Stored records
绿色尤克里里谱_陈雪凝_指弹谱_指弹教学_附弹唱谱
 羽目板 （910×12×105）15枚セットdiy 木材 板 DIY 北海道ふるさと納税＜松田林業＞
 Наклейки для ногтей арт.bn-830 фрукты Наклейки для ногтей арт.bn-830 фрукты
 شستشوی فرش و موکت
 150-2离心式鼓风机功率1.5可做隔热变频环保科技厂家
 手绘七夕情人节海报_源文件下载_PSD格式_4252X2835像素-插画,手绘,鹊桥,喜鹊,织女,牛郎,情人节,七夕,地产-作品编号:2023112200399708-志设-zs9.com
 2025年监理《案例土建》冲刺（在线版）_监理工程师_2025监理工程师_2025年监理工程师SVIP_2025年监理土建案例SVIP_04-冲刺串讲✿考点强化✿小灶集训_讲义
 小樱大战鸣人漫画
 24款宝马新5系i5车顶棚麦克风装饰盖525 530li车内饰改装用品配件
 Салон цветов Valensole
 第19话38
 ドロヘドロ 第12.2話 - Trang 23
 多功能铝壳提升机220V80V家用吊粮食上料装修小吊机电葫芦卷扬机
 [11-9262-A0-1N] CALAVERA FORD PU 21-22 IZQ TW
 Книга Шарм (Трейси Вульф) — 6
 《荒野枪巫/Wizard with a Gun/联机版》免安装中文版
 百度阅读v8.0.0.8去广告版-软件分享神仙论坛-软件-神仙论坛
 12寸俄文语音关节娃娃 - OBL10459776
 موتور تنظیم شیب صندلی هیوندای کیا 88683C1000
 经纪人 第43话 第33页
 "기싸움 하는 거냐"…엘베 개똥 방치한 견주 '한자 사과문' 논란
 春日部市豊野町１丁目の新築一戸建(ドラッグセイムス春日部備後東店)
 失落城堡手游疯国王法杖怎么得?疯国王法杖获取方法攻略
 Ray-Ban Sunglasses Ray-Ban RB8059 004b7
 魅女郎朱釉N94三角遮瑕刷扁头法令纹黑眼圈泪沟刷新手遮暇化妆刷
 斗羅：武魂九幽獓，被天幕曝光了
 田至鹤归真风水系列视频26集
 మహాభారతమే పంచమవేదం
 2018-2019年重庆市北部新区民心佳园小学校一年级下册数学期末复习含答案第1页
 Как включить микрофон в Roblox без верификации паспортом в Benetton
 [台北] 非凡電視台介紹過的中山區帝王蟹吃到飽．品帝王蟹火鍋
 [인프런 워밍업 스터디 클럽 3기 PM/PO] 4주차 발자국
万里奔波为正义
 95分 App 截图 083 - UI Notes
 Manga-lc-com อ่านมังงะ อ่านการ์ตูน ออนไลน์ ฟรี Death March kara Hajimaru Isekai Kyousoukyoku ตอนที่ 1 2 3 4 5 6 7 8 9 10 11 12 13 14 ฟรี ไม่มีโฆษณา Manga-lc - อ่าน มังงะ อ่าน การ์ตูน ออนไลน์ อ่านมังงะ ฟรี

# [Task prompt]
Beginning with the opening line above, retype the records exactly through the line with "with a Gun/联机版》免安装中文版", both ends included.

# [Response box]
绿色尤克里里谱_陈雪凝_指弹谱_指弹教学_附弹唱谱
 羽目板 （910×12×105）15枚セットdiy 木材 板 DIY 北海道ふるさと納税＜松田林業＞
 Наклейки для ногтей арт.bn-830 фрукты Наклейки для ногтей арт.bn-830 фрукты
 شستشوی فرش و موکت
 150-2离心式鼓风机功率1.5可做隔热变频环保科技厂家
 手绘七夕情人节海报_源文件下载_PSD格式_4252X2835像素-插画,手绘,鹊桥,喜鹊,织女,牛郎,情人节,七夕,地产-作品编号:2023112200399708-志设-zs9.com
 2025年监理《案例土建》冲刺（在线版）_监理工程师_2025监理工程师_2025年监理工程师SVIP_2025年监理土建案例SVIP_04-冲刺串讲✿考点强化✿小灶集训_讲义
 小樱大战鸣人漫画
 24款宝马新5系i5车顶棚麦克风装饰盖525 530li车内饰改装用品配件
 Салон цветов Valensole
 第19话38
 ドロヘドロ 第12.2話 - Trang 23
 多功能铝壳提升机220V80V家用吊粮食上料装修小吊机电葫芦卷扬机
 [11-9262-A0-1N] CALAVERA FORD PU 21-22 IZQ TW
 Книга Шарм (Трейси Вульф) — 6
 《荒野枪巫/Wizard with a Gun/联机版》免安装中文版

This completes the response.